Lee docked neatly, and the station crew hooked up the support umbilicals. Ky found several small chores to do until she realized she was anxious about opening the hatch, then made herself go down to cargo hold 1 and do it. Martin materialized from one of the cargo hatches, and stood in front of her as the hatch opened.
Lastway Immigration Control—one unarmed and six armed—were waiting at dockside, by their expressions none too patiently. The one without weapons had two forearms on one arm, and a wrist tentacle on the back of the other wrist. Ky managed not to blink in surprise; that was a humod form she hadn’t seen before. “Eight hundred, cash or trade goods to be valued by an independent assessor,” said the humod. The tentacle uncurled elegantly, and the input connectors glinted.
“Trade goods,” Ky said. She handed the tentacle one of Aunt Gracie’s diamonds.
“Submitted for assessment,” the humod said.

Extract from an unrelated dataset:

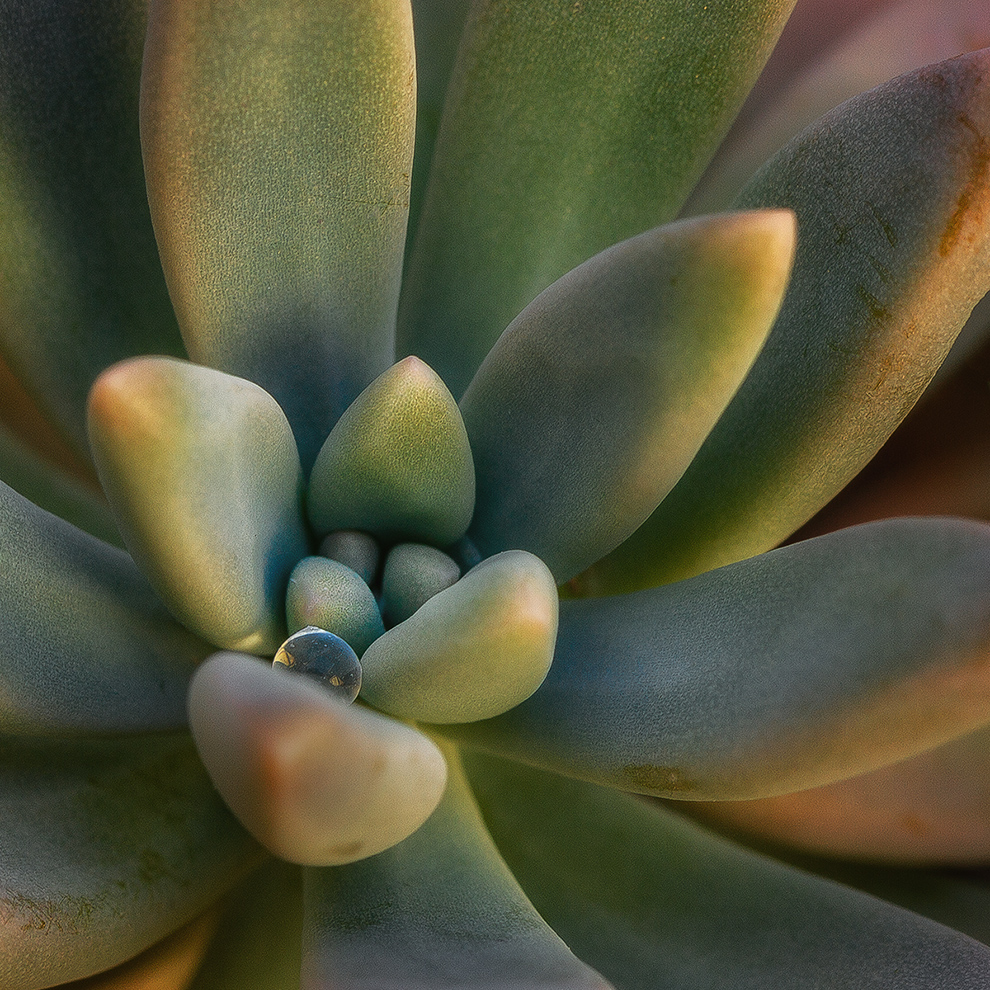Succulently Filled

The tentacle transferred the diamond to that hand, then removed a sealable pouch from a pocket, plucked up the diamond again, and inserted it, then sealed the pouch. “You will want a receipt.”

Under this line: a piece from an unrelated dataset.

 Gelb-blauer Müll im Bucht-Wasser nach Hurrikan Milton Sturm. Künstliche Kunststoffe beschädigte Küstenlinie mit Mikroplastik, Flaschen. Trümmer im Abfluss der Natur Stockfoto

“I will want an assessor here, at dockside,” Ky said.
“You think Lastway Immigration Control is dishonest?” That with a ferocious scowl.

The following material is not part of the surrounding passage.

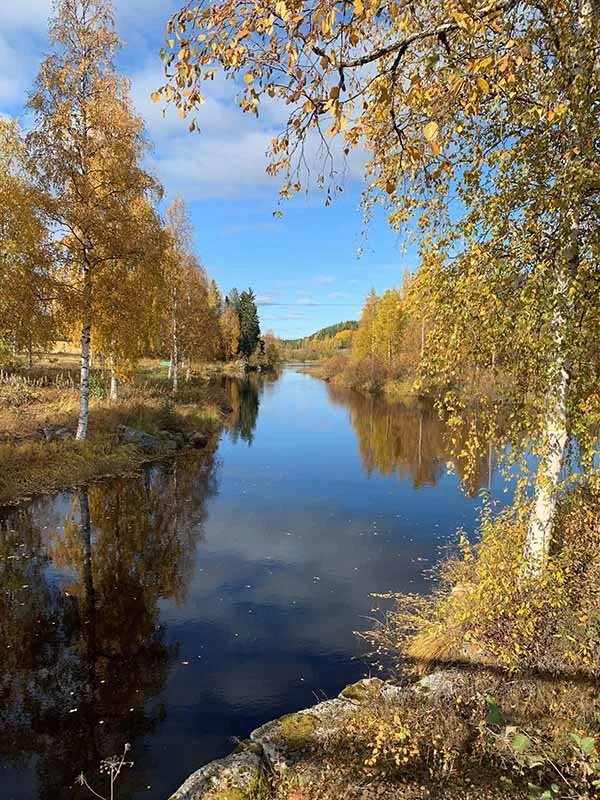 Varför bo i Bredbyn — Bröderna Erikssons Fastigheter och FiA Framtid i ...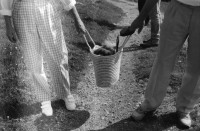 Image of sheet 19890660 photo 18: Zwei Türkinnen mit Kopftuch Musliminnen pflücken Früchte an der Neugasse. Pflastersteinedepot Cathy O'Hare, Badeanstalt Badi Letten, Nonnen, Bauer, Olivia, Konzert, Black Citron Limmatstrasse. Zürich 1989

“I think diamonds are too easy to misplace or confuse with other diamonds,” Ky said.
“I will call.” Silent moments, as the humod communicated by interface; then it nodded sharply. “Yes. One expert in assessing crystals comes.”
“Are you from here?” Ky asked.
Again the humod scowled. “Why ask that?”
“No insult intended, but your accent is not the same as what I heard from Traffic Control—I merely wished to know which accent is native here, to adjust my interpretation to that norm.”
Its face cleared. “Ah. You have old tech implant, yes? Mine adjust by self.” On input maybe, but the output wasn’t. “From Vastig, I am, eight years agone taking ship away from sad family. You know Vastig?”
“No,” Ky admitted.
“But such ships come there, Vatta Transport. Many ships Vatta has—or had. Someone likes Vatta not.”
“True enough,” Ky said. “And I don’t know why—do you?”
“Not I. Others make guesses, only guesses. On Vastig we do not make guesses. We say the truth. But here comes one to assess . . .”
Ky looked around to see a man in a dressy business suit; as he came closer, she began to wonder if he, too, were a humod. One eye appeared to have a magnifier built into it, the rim sunken into the skin. When he opened his mouth to speak, his tongue was dark and heavily furred.
“Licensed assessor Grill, at your service,” he said clearly enough, bowing to both the Immigration Control officer and Ky. “A crystal for assessment, yes?”
The Immigration Control officer transferred it to Grill’s hand—a hand that appeared to be normal, to Ky’s fascinated gaze—and Grill put it into his mouth for a long moment, then spat it back to his hand. “Carbon,” he announced. “Impurities negligible to value.” Now the magnifier extended, lenses telescoping from his eye. “Cut . . . Melique-cut diamond, crystalline structure excellent, flaws . . . minimal. Value for official purposes 2,443 credits.” He handed it back to the Immigration Control officer, who tucked it into the sealed pouch again. “Good day,” Grill said to the space between them, turned on his heel, and walked away.
“Your receipt for a credit balance of 1,643 to be set against docking and service fees,” said the Immigration Control officer, handing Ky a hardcopy strip that had just extruded from his lower forearm. “Welcome to Lastway and enjoy your stay.” Then he and his escort marched off.
Ky shook her head and spoke to the ship’s intercom. “All clear now. I don’t see the loader that should be here; I’ll contact them and the security company again.”
“The captain should reenter the ship,” Martin said. “I’ll want to get the net set out. I’ll need Jim, Beeah, and Mehar.”